Is there a digital world out there not been caught by traditional measures of GDP? It is a mind bending concept, but a very interesting one. Measuring GDP has been a family pastime- my grandfather produced the first estimates of UK and Soviet Union GDP in the early 1930s and 40s - which from memory included counting the number of tractors among other things. The question I wonder about is how do you correctly measure digital activity. If a Japanese Youtuber earns advertising revenue from Brazil via a US Corporation, but headquartered in Ireland for tax purposes - how exactly is that activity measured? And does it belong to any nation, or does it exist solely in a digital ether? The first hint that perhaps GDP is not capturing activity comes from US financial assets. There is no question that US corporates dominated the digital world, and while the activity could happen in an unmeasured ethereal nation, the profits are definitely reported by US corporates.
If we look at US net worth to GDP, we can see that since the mid 1990s, when the internet was first popularised, there has been a steep rise in net worth to GDP. From 1950 to 1990 or so, US household net worth was 350% of GDP. Today it hovers around 550%.

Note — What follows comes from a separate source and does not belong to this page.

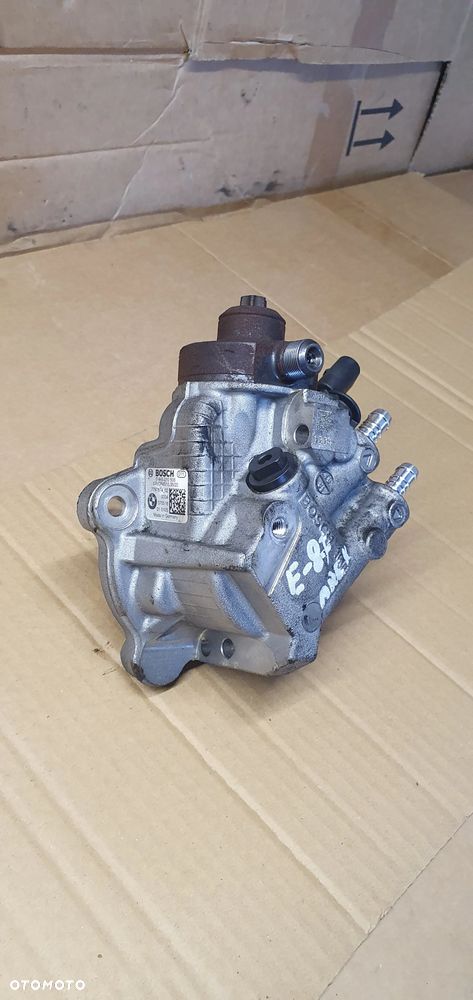 Pompa wtryskowa paliwa BMW 1 E87 2.0D 7797874 - 4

Typical analysis would assume that the assets are overvalued, and it easy to make that case. But lets assume markets are correct (which is always the best place to start in my opinion) - we could say that this implies there is 17 trillion of missing GDP. For me, I find this an interesting calculation. In a post from a few year ago, I wondered where the missing NIIP was? Net International Investment Position is measure of a countries net position in investment terms. It captures investing inflows and outflow, as well as valuation and currency moves. As it is a net number, and is done globally, theoretically is should add up to zero. But it doesn’t. And in recent years this missing NIIP has been expanding rapidly. This is an slightly out of date chart - US NIIP is now negative 22.5 trillion.
This NIIP gap has gotten progressively bigger over the years.
I first became interested in NIIP as they seemed a good timing tool for when an currency or a nations assets were getting overvalued, but it has not worked with the US in recent years - because maybe the investment is not really into the US, but into a digital world. The other way we can easily see and value a digital world is of course crypto currencies. There are no gold reserves, military or even land to support these assets - but the market gives them value. An estimate of their total value today is USD 4 trillion, larger than most stock exchanges outside of the US. It has value plainly - but where is the associated GDP?
Certainly crypto has some correlation to a digital world, but how exactly is still a mystery to me. Is it a useful currency for a world that is detached from the real world? The value of crypto is now higher than the amount of US dollars in circulation. That would seemingly imply a level of activity greater than US GDP?
One big problem with the digital world is that it is in corporates and certain governments interests to divert digital flows to avoid tax - with Ireland being a world leader here. Using WTO data, we can show the 10 largest digital exporting nations. On digital exports Ireland is the third largest nation, while on an import basis, it is almost as large as the US.
If we take nations like Canada it has USD80bn of exports, and Israel has USD63bn, which both pale in comparison with Ireland USD328bn of exports. Also unusually, Ireland is a net importer of services. WTO provides a breakdown of Canadian digital sales to show that exports would be only 20% of total sales. To me, this implies that about USD300bn of Irish exports and another 300bn of imports have been moved there from the US for tax avoidance purposes.
On a combined import/export basis, Ireland 60% the size of a digital US, larger than India, and roughly equivalent to the UK. The implication for me is that there is certainly a large amount of activity that passes through Ireland, that should really be passing through the US and the Europe. If you think that total US exports is USD 3 trillion, Ireland is doing 300bn of that in very high margin software business, the scale of missing activity becomes clear. If US as whole has 30trillion of GDP with 3 trillion of exports, 300bn of software exports from Ireland could be worth 6 trillion in GDP (adjusting for high margin). Assuming Ireland is not the only tax avoidance centre for digital corporates, perhaps USD 10 trillion of activity is not being caught in traditional measures? That would be a Germany, Japan and India size GDP. Adding that back to US GDP, would then put the US at 40 trillion GDP. That would be US net wealth to GDP at 4 times GDP - a level last seen after the GFC.
Even though I love macro indicators above, when macro and market disagree I bow to markets. Markets always know before macro does, and they are saying the “offshore” digital economy is much larger that we realise.